Una bella sorpresa che, indirettamente, sancisce il buon livello ormai raggiunto dall’animazione digitale in Europa e che merita un efficace passaparola.
di Massimo Arciresi
Il grande orso batte bandiera danese, ha l’aspetto di una fiaba moderna (con i suoi luoghi proibiti e i suoi orchi) ma può vantare contenuti nobili e pregnanti (non solo per il pubblico infantile), paragonabili a quelli esibiti (tanto per citare un esempio di cartoon ingiustamente dimenticato) da Il gigante di ferro (1999). Se nel lavoro di Brad Bird si prendeva di mira la stolta corsa agli armamenti, in questo, diretto con limpidezza da Esben Toft Jacobsen, al centro della vicenda troviamo, più poeticamente, la natura da preservare, rappresentata dall’orso del titolo, un innocuo plantigrado formato Mazinga sulla cui schiena spuntano spontaneamente abeti e selci (caratteristiche delle quali nessuno dei personaggi umani, significativamente, si stupisce).
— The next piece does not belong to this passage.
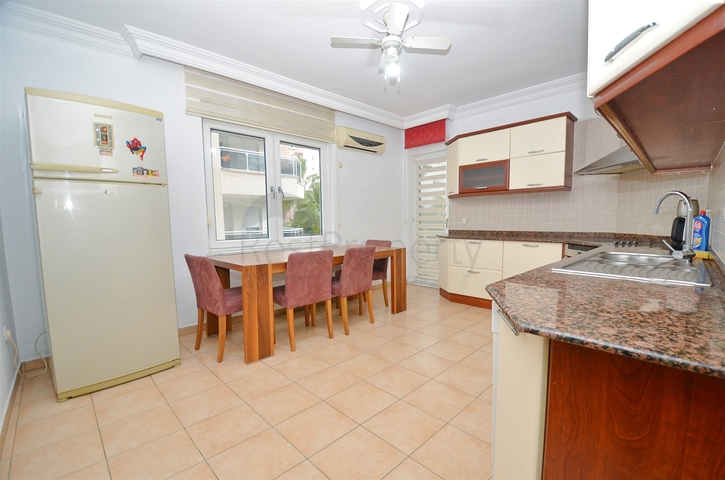 Квартира планировки 3+1 в микрорайоне Лиман - Анталия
L’immenso animale vive all’interno di una foresta e vi si mimetizza grazie alla sua schiena “boschiva”. Lo trova la piccola Sofia ed
entra subito in sintonia con lui; il fratello maggiore Jonathan, leggermente proiettato verso l’età adulta, ci mette un po’ di più, ma presto contribuisce a sua volta alla salvaguardia di questo simbolo ecologico, minacciato da un tenace cacciatore, infuriato a causa della distruzione del suo villaggio (abusivo), eretto – poco prima che si risvegliasse – proprio dove il pacifico bestione era in letargo.
I tenui riferimenti a qualche classico disneyano passano in subordine grazie alla gustosa presenza di inesauste alci miniaturizzate, rane meteorologiche e corvi curiosi. Un corollario di figure che non annoia e senz’altro mette in ombra i bambini, il loro bonario nonno che vive circondato dal verde e il vendicativo bracconiere. Tuttavia, basterebbe anche soltanto la magnifica possanza dell’orso, curato in ogni pixel, dal cavernoso muso al folto pelo, a giustificare la visione.